6.13- reviews the results of the inspections made by official authorities.
6.14- provides periodical information on legal issues (such as compliance with legal legislation, current or possible lawsuits for and against the Society, and other similar legal issues), which will significantly impact the Society, from the Department of Financial and Legal Affairs and submits its opinions to the Board of Directors in this regard.
6.15- specifies the methods and criteria that will be applied in review and finalization of complaints that are made to the Society on accounting, internal auditing system and independent auditing, and assessment of personnel’s notifications on corporate accounting and independent auditing within the framework of the principle of confidentiality.
6.16- may follow up a special investigation within the knowledge of the Chairman of the Board of Directors, when necessary. In addition, the Commission annually assesses whether all responsibilities stated in the Charter of the Society are fulfilled.
6.17- may consult independent experts or advisors in related necessary issues as regards to the activities upon approval of the Board of Directors. In such a case, the costs for expert or advisory services shall be covered by the Society.
6.19- The decisions of the Commission are recommendations to the Board of Directors, and the Board of Directors is the final decision-maker in all matters.
Establishment and Operational Principles of the Commission
Establishment of the Commission
Article 7- The commission is composed of three people elected among the members of the Society, at least one of which is a member of the Board of Directors.
The Board of Directors duly elects the members of the Commission according to Article 34 of the Charter.
The Chairman of the Board of Directors may attend the meeting of the Commission if he/she finds it necessary.
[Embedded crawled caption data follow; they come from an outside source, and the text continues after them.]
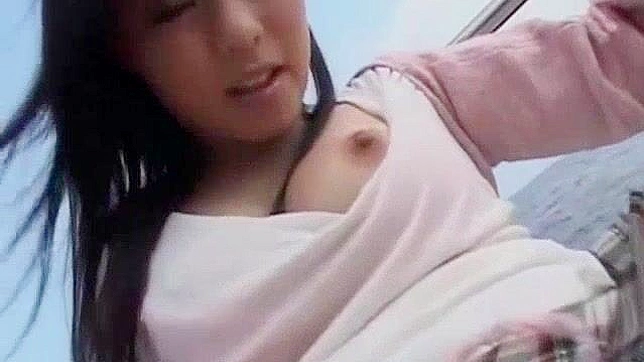 Aya Hirai's Japanese POV Masturbating To Wet Orgasm Bliss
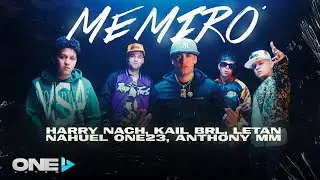Letan, Harry Nach, Kail BRL, Anthony MM, Nahuel One23 - Me Miro (Video Oficial)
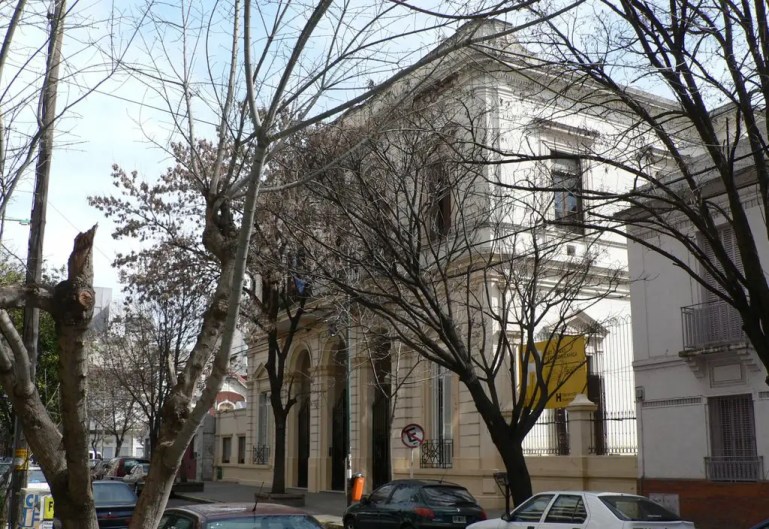 Los 150 años de la escuela Coronel Brandsen de Nuñez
The Secretary General may also attend the meeting of the Commission upon an invitation of the Head of the Commission if it is necessary in terms of the Commission’s agenda.
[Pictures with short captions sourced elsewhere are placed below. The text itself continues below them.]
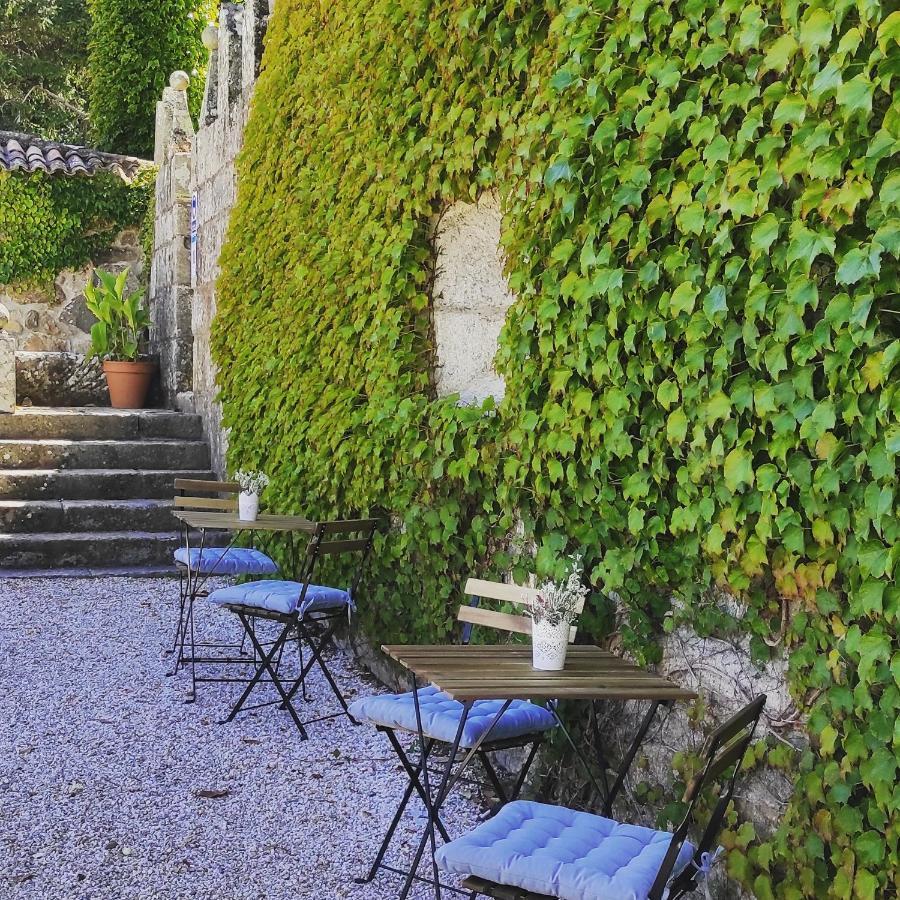 Pazo Revel Hotel & Resort Pontevedra Eksteriør bilde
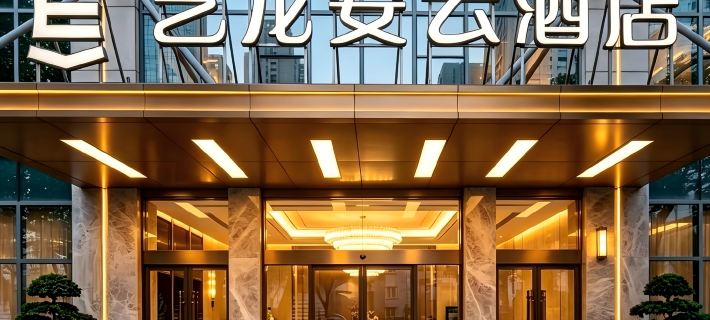 Huali Hotel (Kunshan Golden Eagle International Shopping Center) Hotels in Kunshan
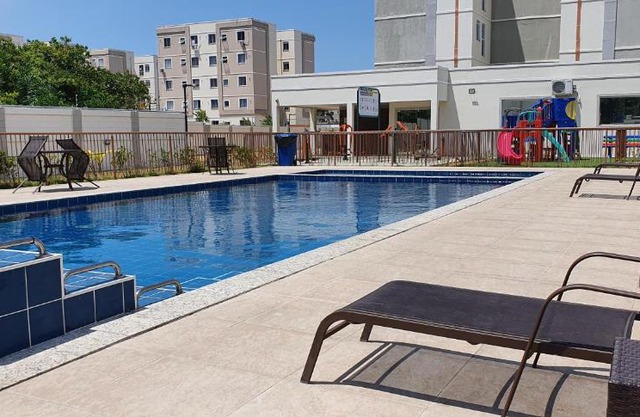 Lindo apartamento no Litoral Norte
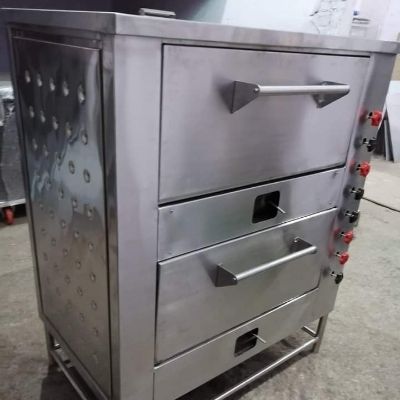 Double Deck Oven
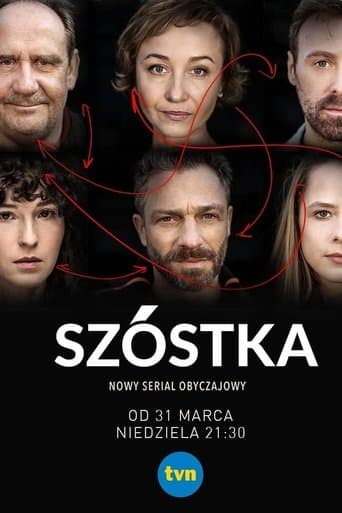 Six People poster - Find streaming availability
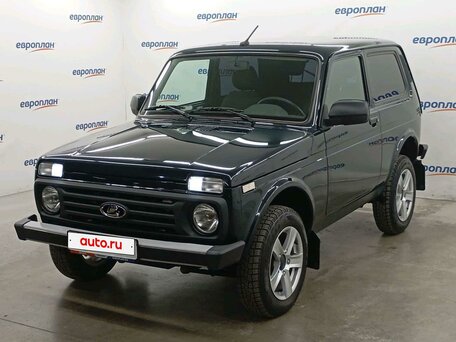 Lada (ВАЗ) Niva Legend I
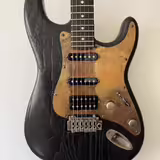 Jedinečn&yacute; Stratocaster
Article 8- The services of the members of the Commission are provided voluntarily, and the term of the membership is specified by the Board of Directors.
Operational Principles of the Commission
Article 9- The Head of the Commission is elected by majority of votes among the members of the Commission.
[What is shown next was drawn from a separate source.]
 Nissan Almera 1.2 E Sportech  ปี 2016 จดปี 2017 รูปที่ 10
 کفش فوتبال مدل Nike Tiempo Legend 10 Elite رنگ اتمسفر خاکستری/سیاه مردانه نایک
Article 10- The Commission meets at least once in a month. The Chairman of the Board of Directors may call Commission for a meeting ex officio in terms of a special agenda, when necessary.
The decisions of the Commission are made by majority of votes. The decisions taken at the meeting are recorded in the minute book of the Commission.
The Head of the Commission ensures that minutes of the meeting are regularly kept by the secretariat for the purpose of providing comprehensive information on the assessments made in the meetings of the Board of Directors. The minutes of the meeting and final opinions are submitted to the Board of Directors after being approved by all members of the Commission.
Article 11- The secretariat of the Board of Directors executes the Commission’s secretariat. At least three days before the meeting, the agenda of the meeting, drawn up by the Head of the Commission, is delivered to the members of the Commission by the secretariat. The secretariat of the Board of Directors is responsible for regularly keeping the minutes of the meeting and final decisions, delivering them to the Board of Directors and keeping the minute book.
The secretariat of the Board of Directors is responsible for regularly keeping the minutes of the meeting and final decisions, delivering them to the Board of Directors and keeping the minute book.
Provisions that are not stipulated in the Regulation
Article 12- The Board of Directors is the authorized decision-making body for circumstances that are not stipulated in this Regulation.
Article 13- This Regulation has been acknowledged upon the decision of the Board of Directors dated 16.10.2012 and numbered 58.